— TASK REQUIREMENTS —
From the data below, set down exactly the lines between the one holding "Man wearing a" and the one holding "Unscrewing the laptop", inclusive, and no others.

— DATA —
▬▬▬▬▬▬

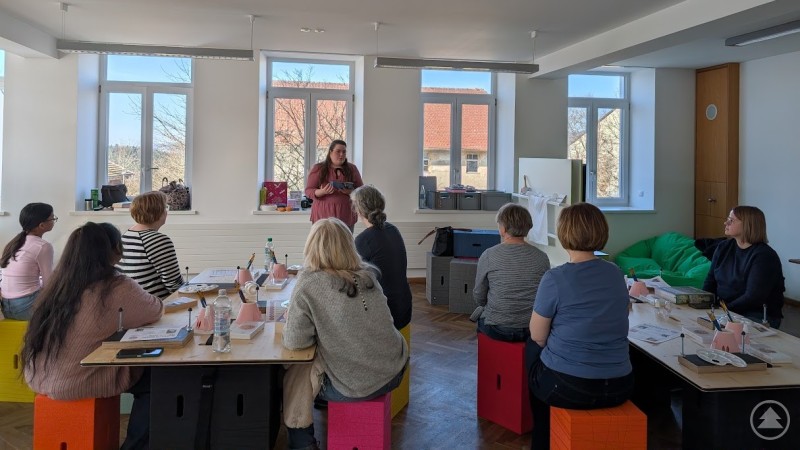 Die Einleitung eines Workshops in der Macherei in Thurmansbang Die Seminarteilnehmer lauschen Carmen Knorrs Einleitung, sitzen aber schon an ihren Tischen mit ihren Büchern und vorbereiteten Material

▬▬▬▬▬▬

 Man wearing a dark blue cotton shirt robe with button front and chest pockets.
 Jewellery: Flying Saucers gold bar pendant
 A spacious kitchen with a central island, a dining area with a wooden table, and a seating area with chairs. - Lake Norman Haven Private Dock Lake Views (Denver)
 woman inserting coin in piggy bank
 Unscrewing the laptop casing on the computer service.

▬▬▬▬▬▬

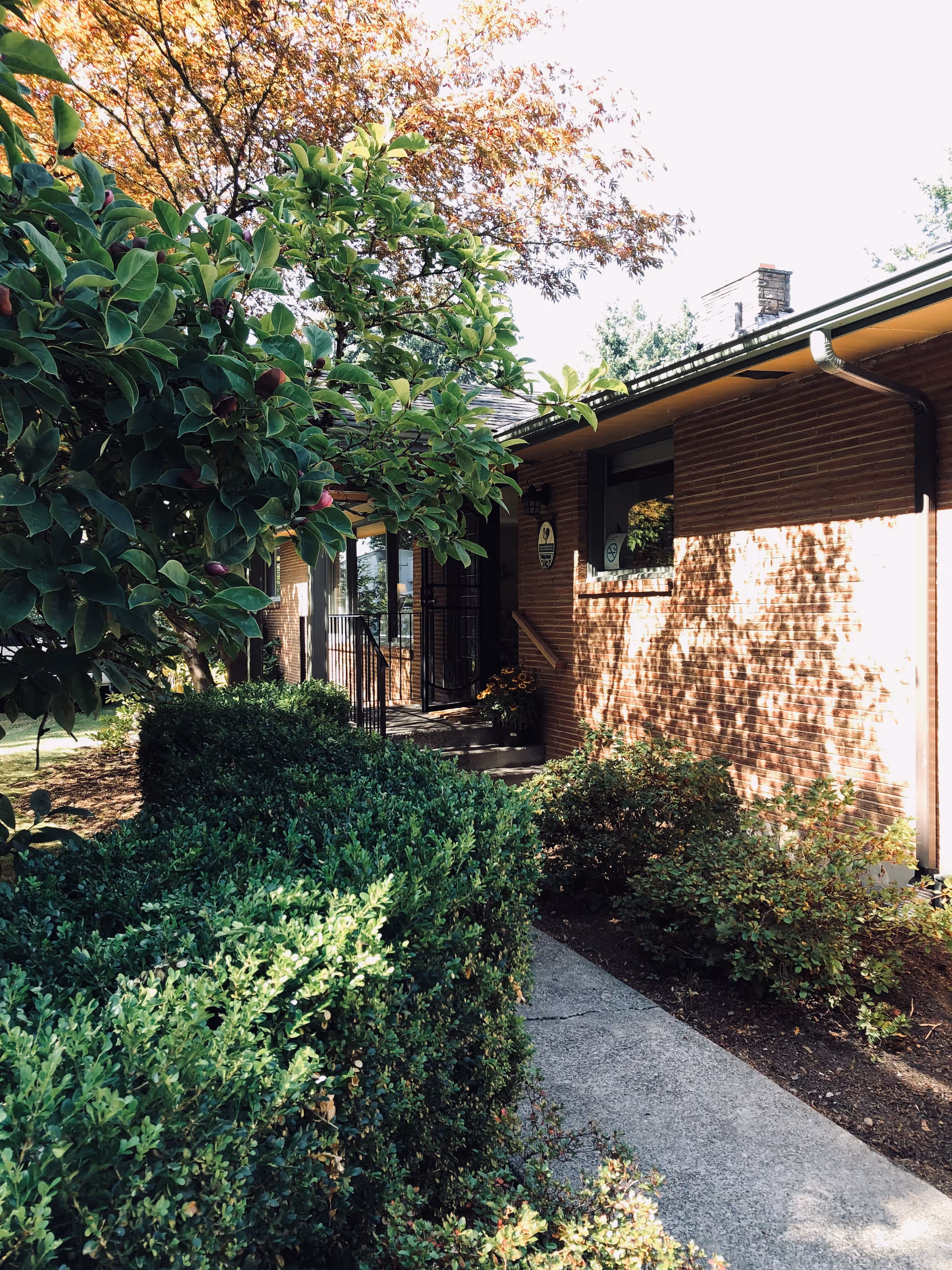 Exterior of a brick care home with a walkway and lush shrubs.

▬▬▬▬▬▬

— TASK RESPONSE —
 Man wearing a dark blue cotton shirt robe with button front and chest pockets.
 Jewellery: Flying Saucers gold bar pendant
 A spacious kitchen with a central island, a dining area with a wooden table, and a seating area with chairs. - Lake Norman Haven Private Dock Lake Views (Denver)
 woman inserting coin in piggy bank
 Unscrewing the laptop casing on the computer service.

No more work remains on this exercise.